I have one query. How much better is it possible to do on this task? It bothers me that by stripping resolution, and giving the task to a being that only knows these training examples, it may simply not be very solvable, making these low accuracies due algorithms barely better than chance.
Also note that resnet-12 - or other variants of resnet—there exist numerous techniques for cutting down the computational requirements by at least an order of magnitude with minimal accuracy loss.
The current SOTA models do very well (~90% accuracy) at few-shot learning tasks in the CIFAR-FS dataset [source], which has a comparable resolution to the images seen by bees, so I think that this task is quite solvable. Even bees and the models I discussed seem to do pretty well compared to chance.

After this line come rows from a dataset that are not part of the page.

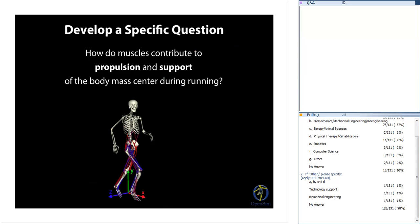Before collecting data or creating a simulation, it's very important to start with a clear question you'd like to answer. Not only so we can write compelling papers and grants, but having a clear question helps make decisions on what experiments to perform, how simple or complex your model needs to be, where it's okay to make assumptions, and which simulation methods to use. For example, our question is: how do muscles contribute to propulsion and support of the body mass center during running?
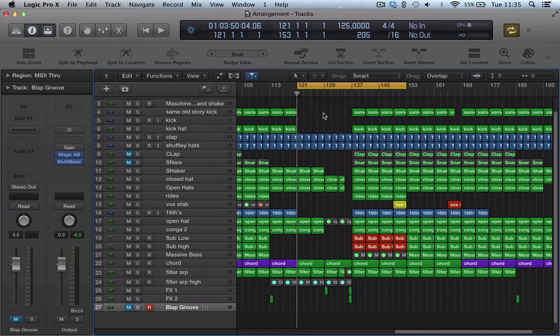Hi there, welcome back to ADSR Tuts, another quick Logic Pro X tutorial here, looking at playback priority.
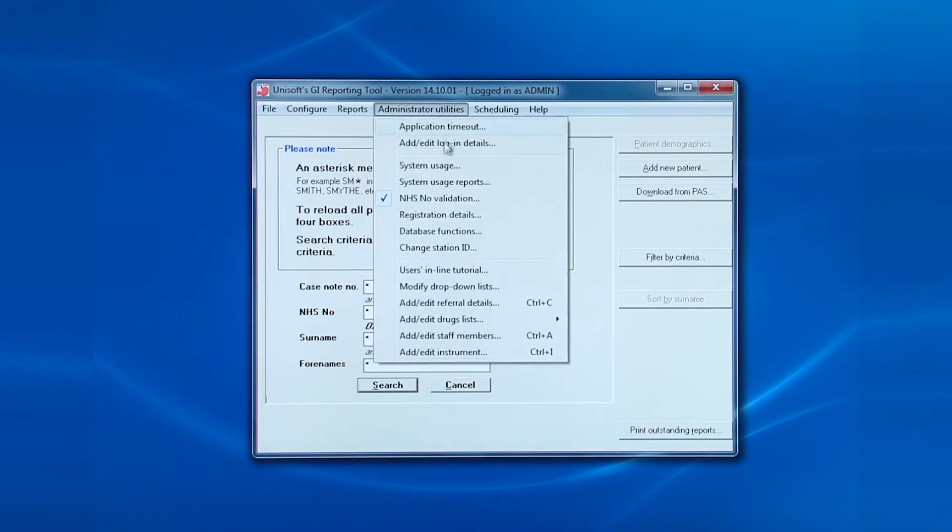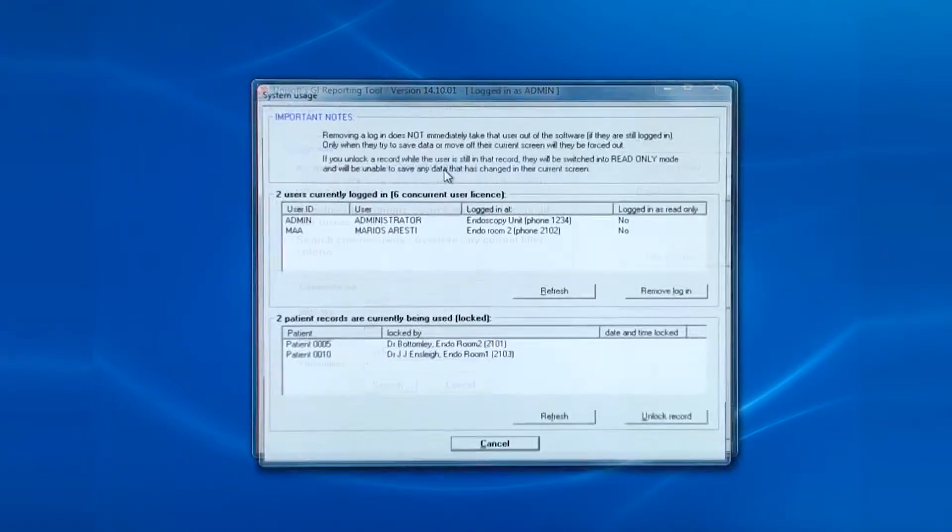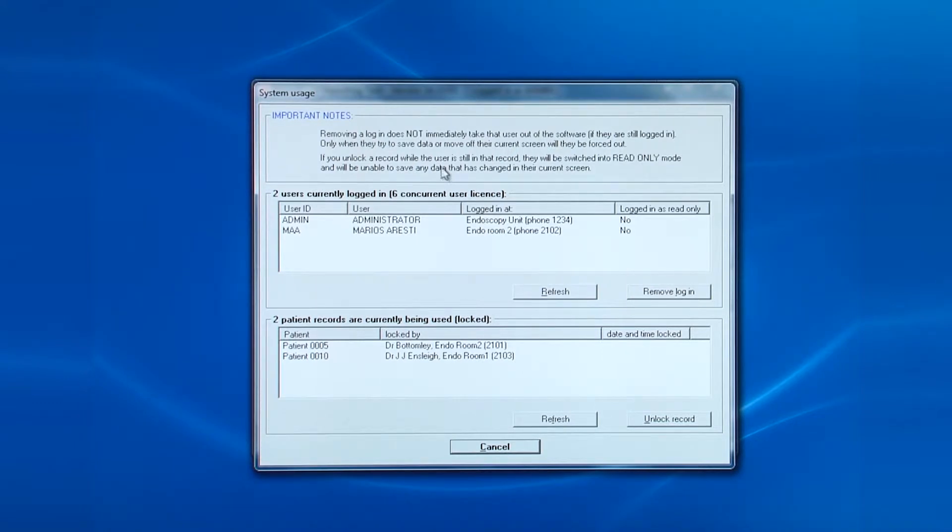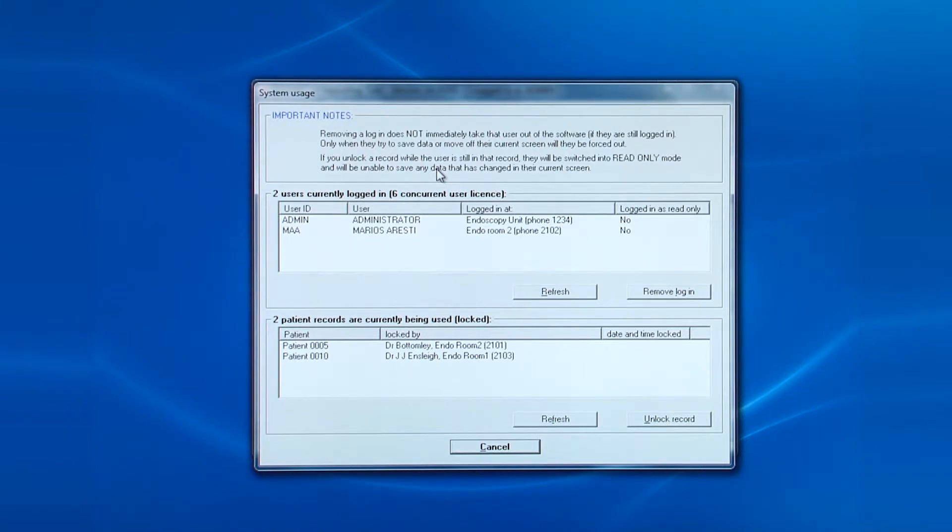Next, we're going to look at system usage. This tells you who is logged in and who is working on which patient records. This is a useful screen if, for example, the software has stopped abruptly.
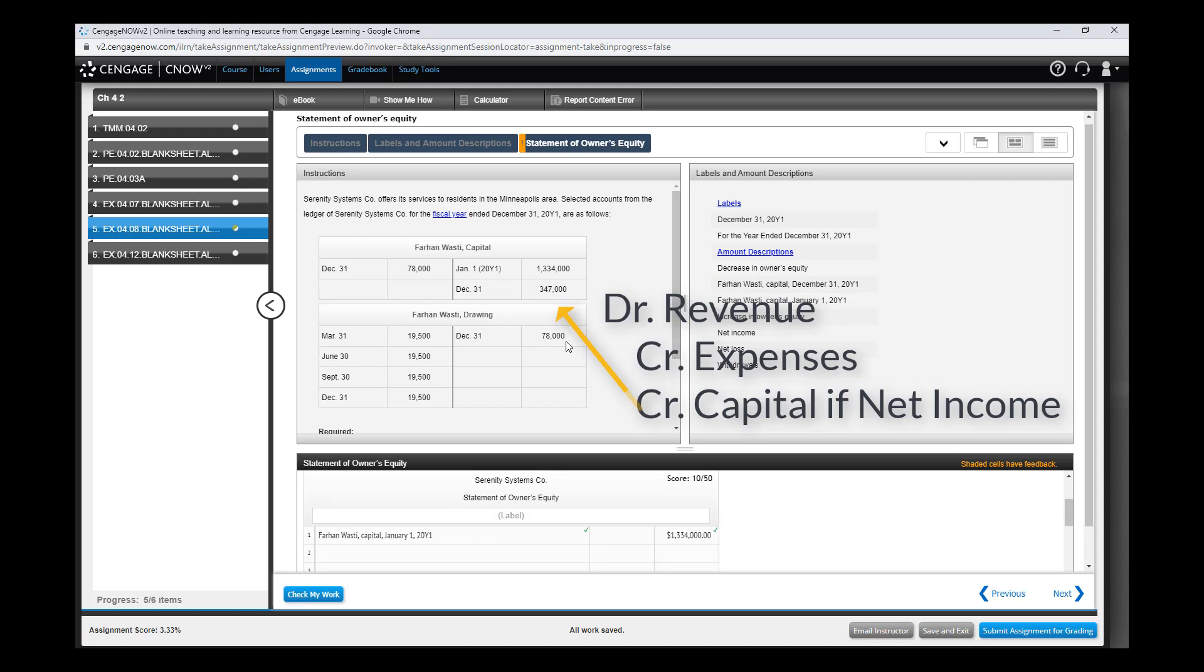But before that, let's take a look at this $78,000. This is a balance in the drawing account. Actually, right here - $19,500 in March, June, September. So each three months the business owner withdrew money - a debit to drawing and a credit to cash for $19,500. That transaction happened four times and we see here this full balance. If you add these four, it probably equals $78,000.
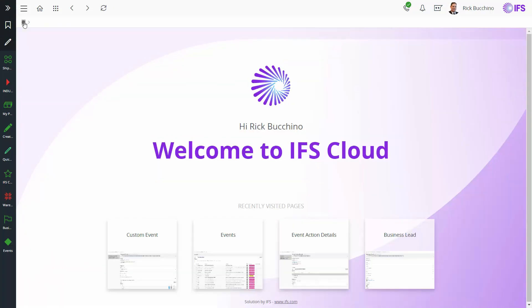That concludes today's webinar on business process automation workflow engine. There is much more to learn — you can find that in the documentation, and the IFS Academy offers considerably more training and demonstration than covered here. I hope you enjoyed today's webinar. Thank you.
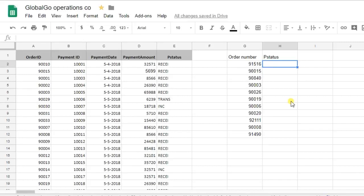Welcome everyone, it's Mitchell from SheetGo and today I'm going to teach you how to use the VLOOKUP formula in Google Sheets.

Interesting to learn that compute figures can be brought down so much without accuracy loss! Could you point me to some reading material about this?
Two methods I have personally used:
quantization to int-8
A third way is “sparse” networks—many of the weights end up being near zero, and you can simply neglect those, but you need your hardware to support sparse matrix convolution.
All of these methods have the tradeoff of a small decrease in accuracy for a large decrease in required compute.
And my point about “solvability” is that there is a certain amount of noise—entropy—in the images, such that a perfect classifier trained only on the image set, with infinite compute and the global maximumally performing model, still cannot reach 100%. As the finite set doesn’t have enough information. (and no, you cannot deduce the ‘seed’ of our universe and play forward until that moment as you do not have enough information to do that, even with infinite compute, at least if your only information input is the image set. You would find too many other universes that match the conditions. Human beings trying to manually solve the image aren’t a fair comparison because they are bringing in outside information that wasn’t in the set)
So there is some true ceiling for any regression problem, and you would actually expect that a ‘good’ modern method might be acceptably close to the ceiling, or get there soon. (if the ‘true ceiling’ is 97% accuracy a model that is 95% is good enough for engineering purposes)
Or a simple example : for a mostly fair coin, you cannot infer the future outcome of a flip better than the bias of the coin itself.